El arzobispo, pensó Nyssa. Estaba segura de que Thomas Cranmer, como hombre justo que era, había convencido al rey de que se había cometido una gran injusticia con Varían de Winter. Tomó del brazo a su marido y le siguió hasta el embarcadero, donde Toby y Tillie les esperaban muy sonrientes. Se detuvieron en White-hall y una hora después estaban listos para partir hacia Riveredge. Mientras sus criados preparaban el equipaje, Nyssa y Varían se despidieron de Thomas Howard.

– ¿Cómo se comportó nuestra Catherine? -preguntó el duque.

– Habríais estado orgulloso de ella -respondió Nyssa-. Ni yo misma habría sido la mitad de valiente.

– Supongo que no volveré a veros por palacio…

– Me temo que no -contestó su nieto-. Pero sabes que puedes contar conmigo si me necesitas, abuelo. Thomas Howard, dejad de lado vuestro maldito orgullo y atreveos a pedir ayuda cuando la necesitéis -le regañó cariñosamente.

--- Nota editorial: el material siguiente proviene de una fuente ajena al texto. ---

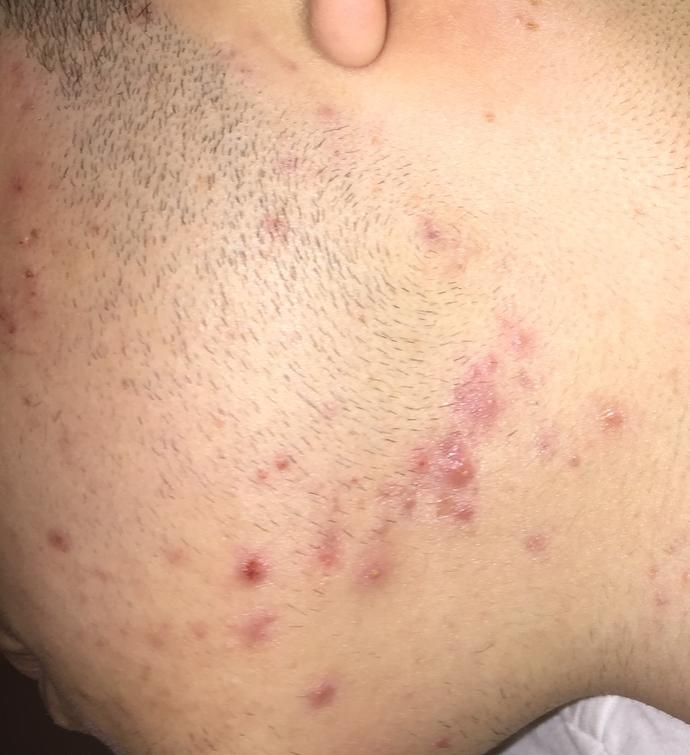 Sivilce (resimli)?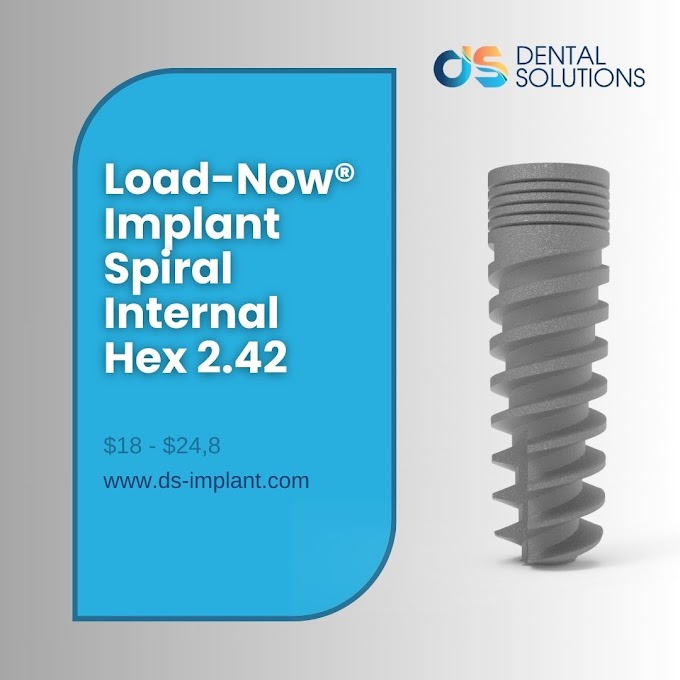 DENTAL SOLUTIONS: Load-Now® Implant Spiral Internal Hex 2.42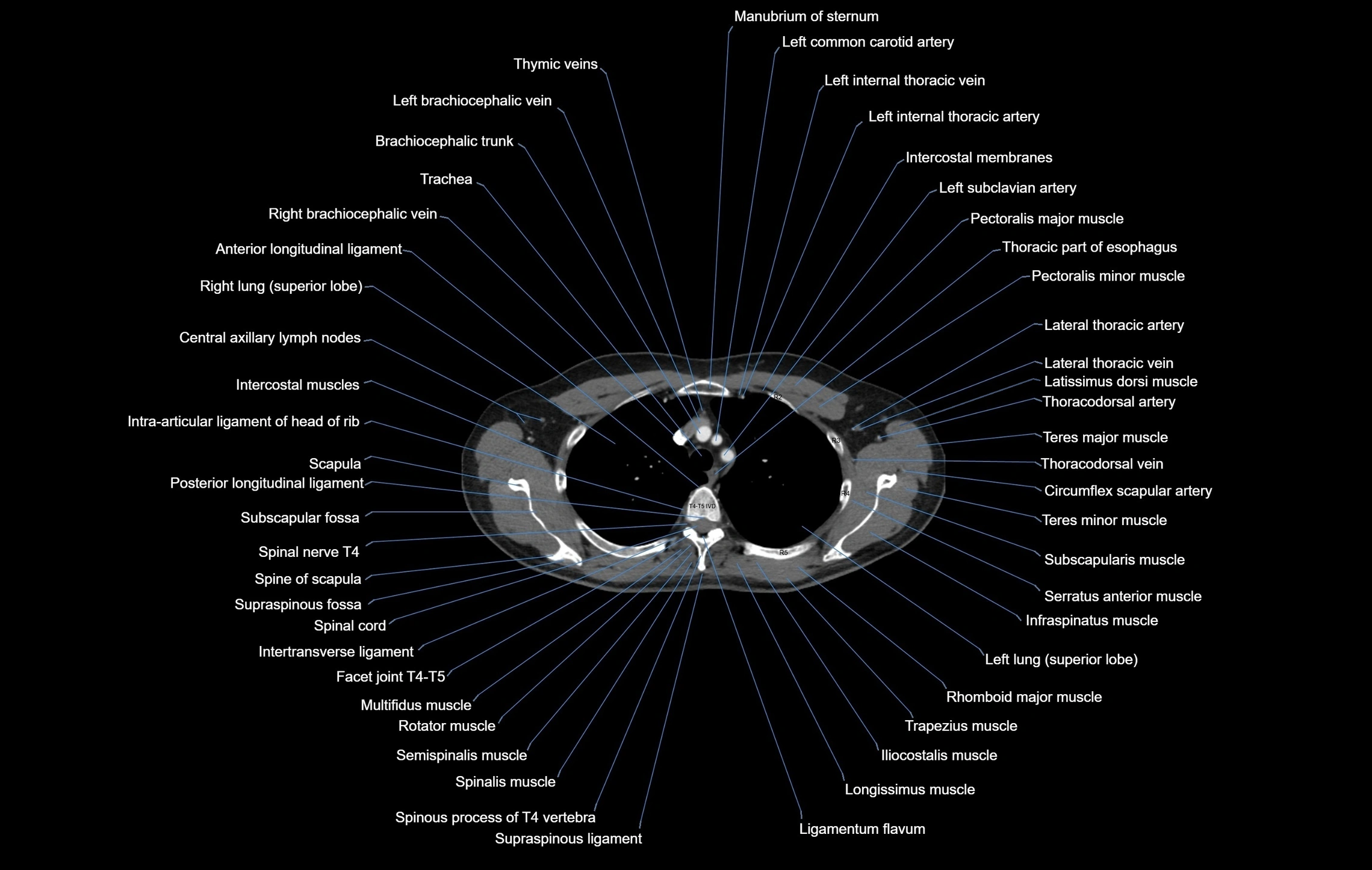 CT chest (thorax) labelled axial cross sectional anatomy radiology image-00030.webp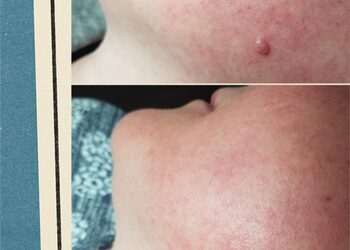 99f0c6e9491d457092c964a137a526facollage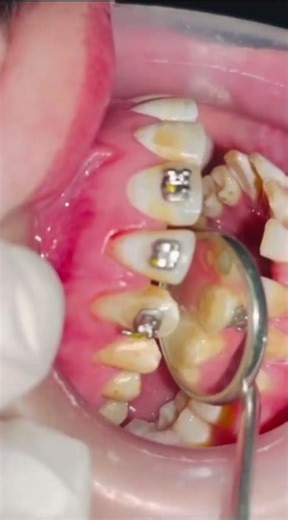 Braces Placement On Teeth #orthodontist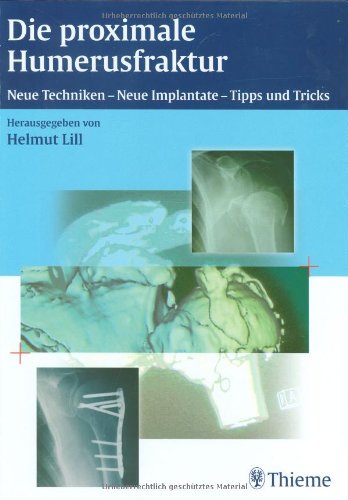 Beispielbild fr Die proximale Humerusfraktur: Neue Techniken, Neue Implantate - Tipps und Tricks [Gebundene Ausgabe] von Helmut Lill zum Verkauf von BUCHSERVICE / ANTIQUARIAT Lars Lutzer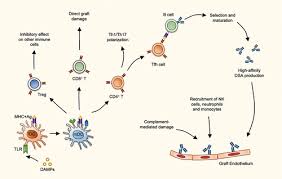 Image result for Transplant Rejection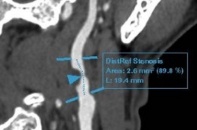 Hút thuốc lá 30 năm, phát hiện bệnh lý tim mạch nguy hiểm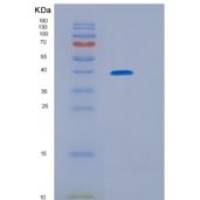 人GRB2相关衔接蛋白2(GRAP2)重组蛋白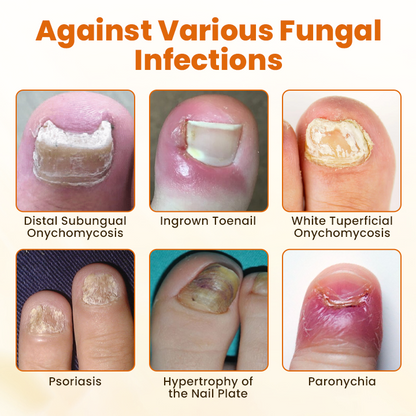 Timilk® FungiBee Advanced Nail Repair Spray (A)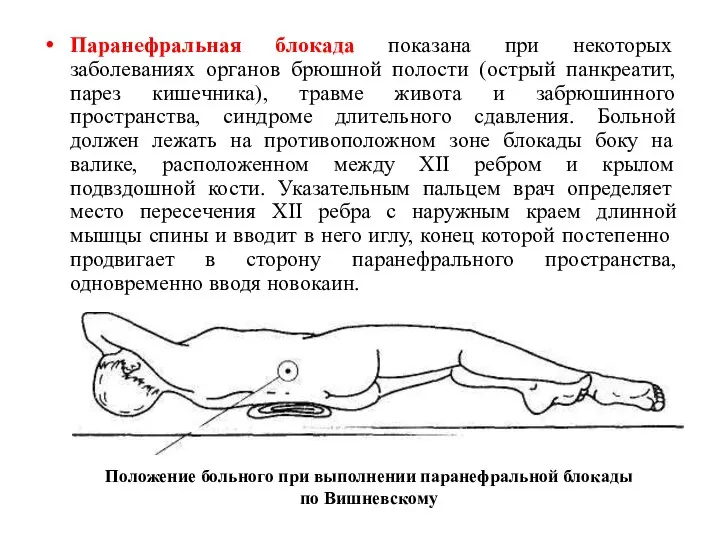 Паранефральная блокада показана при некоторых заболеваниях органов брюшной полости (острый панкреатит,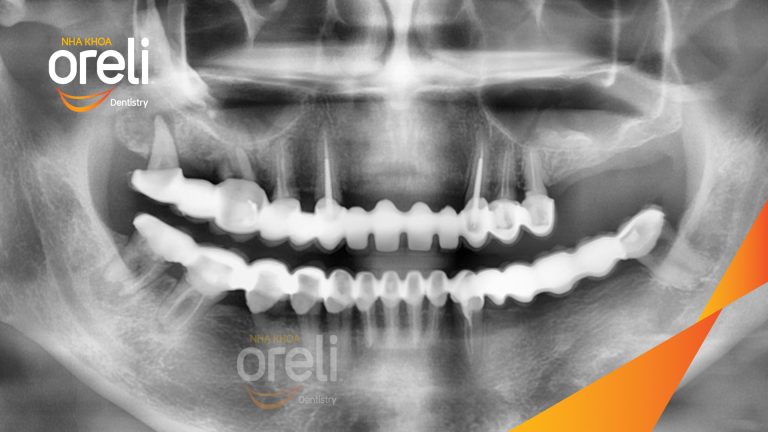 Ca trồng răng implant hàm trên và ba răng hàm dưới hình ảnh trước sau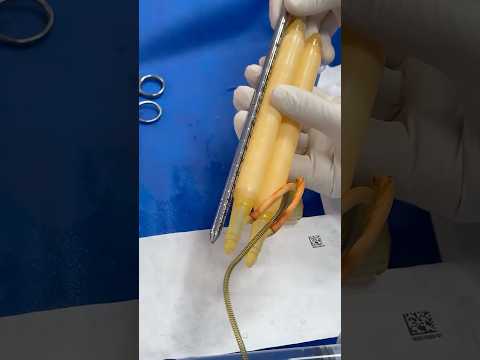 الدعامة الهيدروليكية زيادة الطول بالمقاسات قبل النفخ وبعده مباشرة من داخل غرفة العمليات دعامات الان الدعامة الهيدروليكية زيادة الطول بالمقاسات قبل النفخ وبعده مباشرة من داخل غرفة العمليات دعامات الان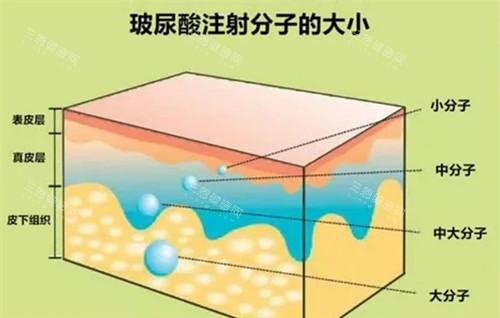 对比测评：铂安润玻尿酸vs艾莉薇传奇，哪款更值选5大维度分析！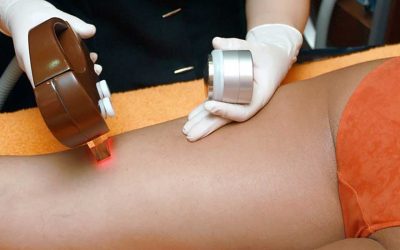 4 Beneficios de la depilación láser diodo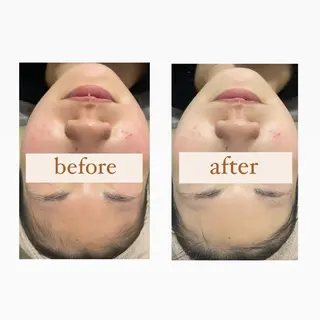 crescent所属・【韓国肌管理・脱毛】 クレセントのエステ・リラクイメージ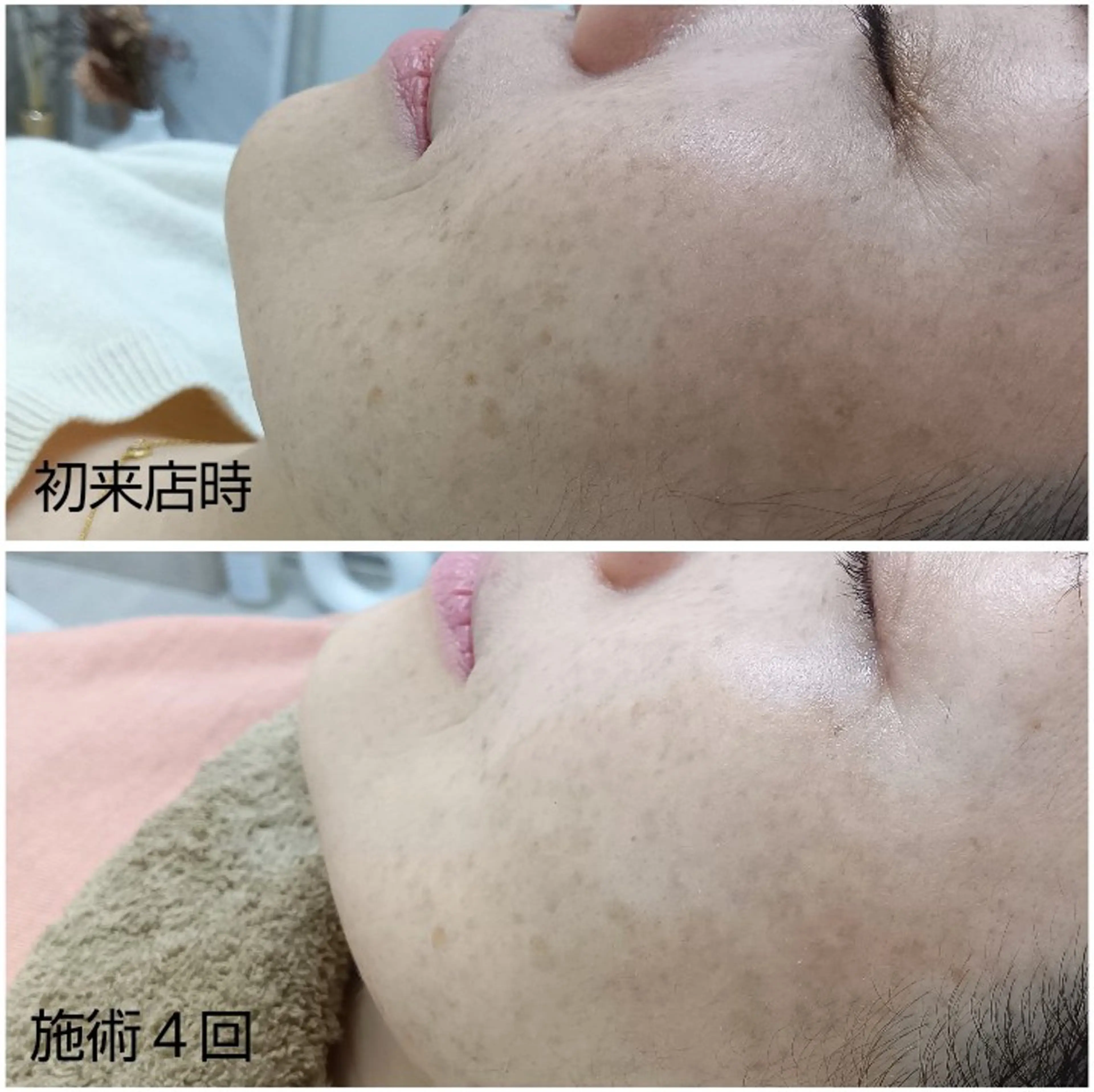 シミケア専門店 HAQUAのエステ・リラクイメージ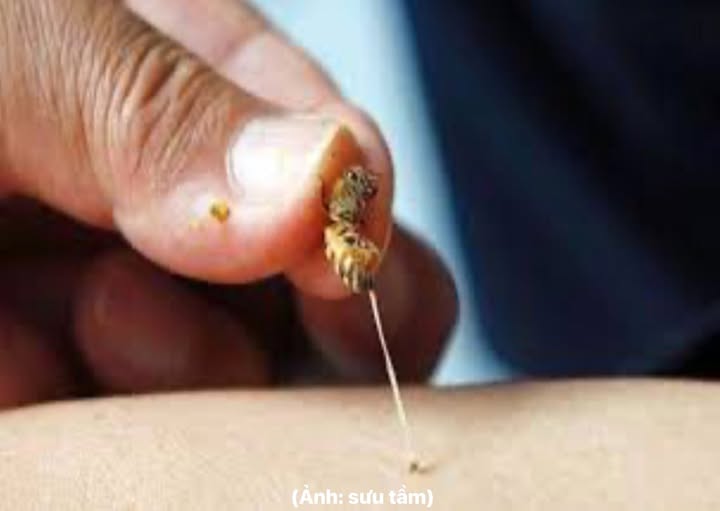 CẢNH BÁO NGUY HIỂM KHI BỊ ONG ĐỐT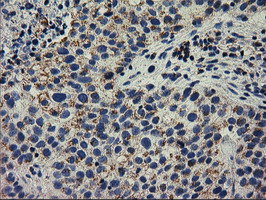 IHC of paraffin-embedded Carcinoma of Human bladder tissue using anti-RASD2 mouse monoclonal antibody. (Heat-induced epitope retrieval by 10mM citric buffer, pH6.0, 100C for 10min).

– Lo haré -prometió el duque, que, como el rey, empezaba a sentirse viejo y cansado-. ¿Y tú, jovenci-ta? -preguntó volviéndose hacia Nyssa-. ¿También estás dispuesta a venir a ayudarme?

– Sí, abuelo -contestó ella tras meditar su respuesta-. Vendré encantada.

– Entonces, ¿me has perdonado?

– Una vez os acusé de haberme robado mis sueños, Tom Howard. Ha pasado más de un año y me he convertido en una mujer madura y responsable. Ahora me doy cuenta de que me disteis lo que más deseaba. Os perdono por lo que me hicisteis, pero nunca os perdonaré por haberle destrozado la vida a Cat.

– Comprendo -murmuró el duque.

– Adiós, abuelo -añadió Nyssa poniéndose de puntillas y besándole en la mejilla.

Nieto y abuelo se abrazaron y el duque salió de la habitación a toda prisa para evitar que los jóvenes vieran las lágrimas que nublaban sus ojos. Varian y Nyssa abandonaron palacio sin despedirse del rey. Era el lunes 13 de febrero de 1542. Con un poco de suerte, llegarían a Riveredge a tiempo para celebrar el cumpleaños de los gemelos. El tiempo fue tan bueno que alcanzaron el valle del río Wye antes de lo previsto. «Estamos llegando, estamos llegando» parecía repetir el repiqueteo de los cascos de los caballos sobre el camino cubierto de nieve.

– Estamos a punto de llegar a tu casa -dijo Varian-. Hemos salido de palacio tan precipitadamente que hemos olvidado traer un regalo para los niños. Hace tanto tiempo que nos fuimos que no nos reconocerán.

– Afortunadamente son muy pequeños y pronto olvidarán que una vez estuvimos separados durante seis meses -repuso Nyssa-. Cuando sean lo bastante mayores para comprenderlo se lo explicaremos todo como si fuera un cuento. Y en cuanto al regalo, ya me he ocupado de eso ^añadió esbozando una sonrisa enigmática.